PROBLEM REQUIREMENTS
Below are the records; extract from them the line containing "Esszimmerstuhl 2er Set" to the line containing "A joyful golden", both lines included, exactly and with no pictures.

DATA PROVIDED
* * *
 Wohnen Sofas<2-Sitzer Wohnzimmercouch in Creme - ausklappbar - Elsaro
* * *
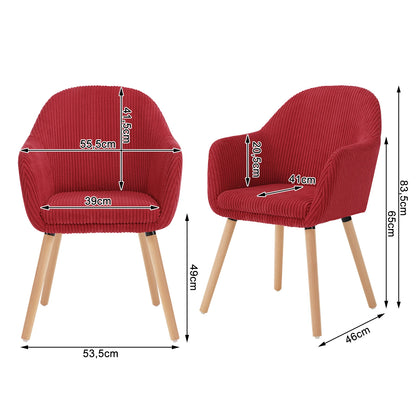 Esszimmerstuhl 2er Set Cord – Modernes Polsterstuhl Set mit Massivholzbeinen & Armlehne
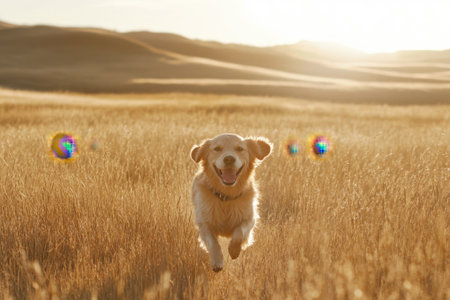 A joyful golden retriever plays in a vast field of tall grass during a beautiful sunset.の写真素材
* * *
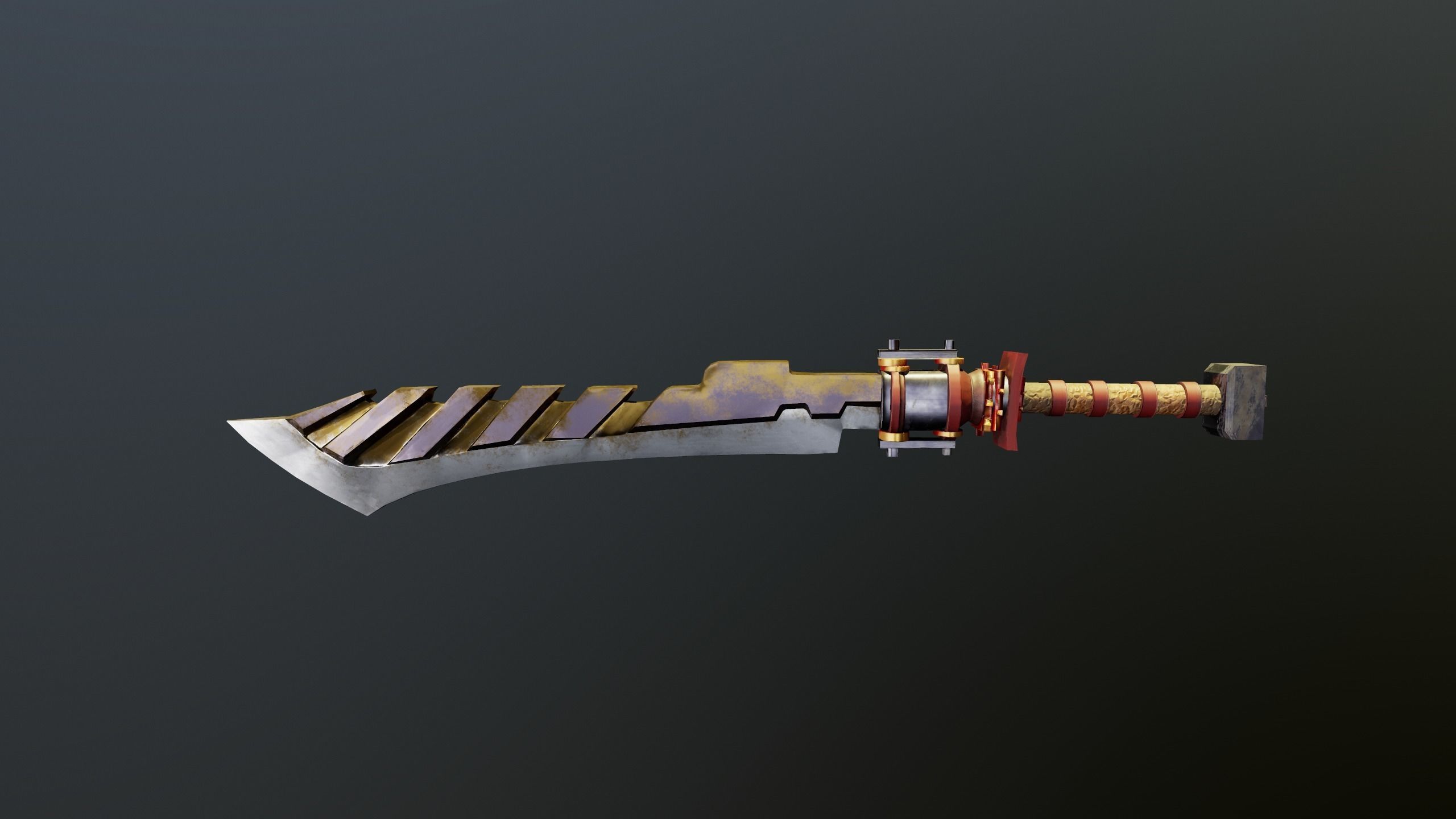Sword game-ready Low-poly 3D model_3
* * *
ANSWER FOR THE TASK
 Esszimmerstuhl 2er Set Cord – Modernes Polsterstuhl Set mit Massivholzbeinen & Armlehne
 A joyful golden retriever plays in a vast field of tall grass during a beautiful sunset.の写真素材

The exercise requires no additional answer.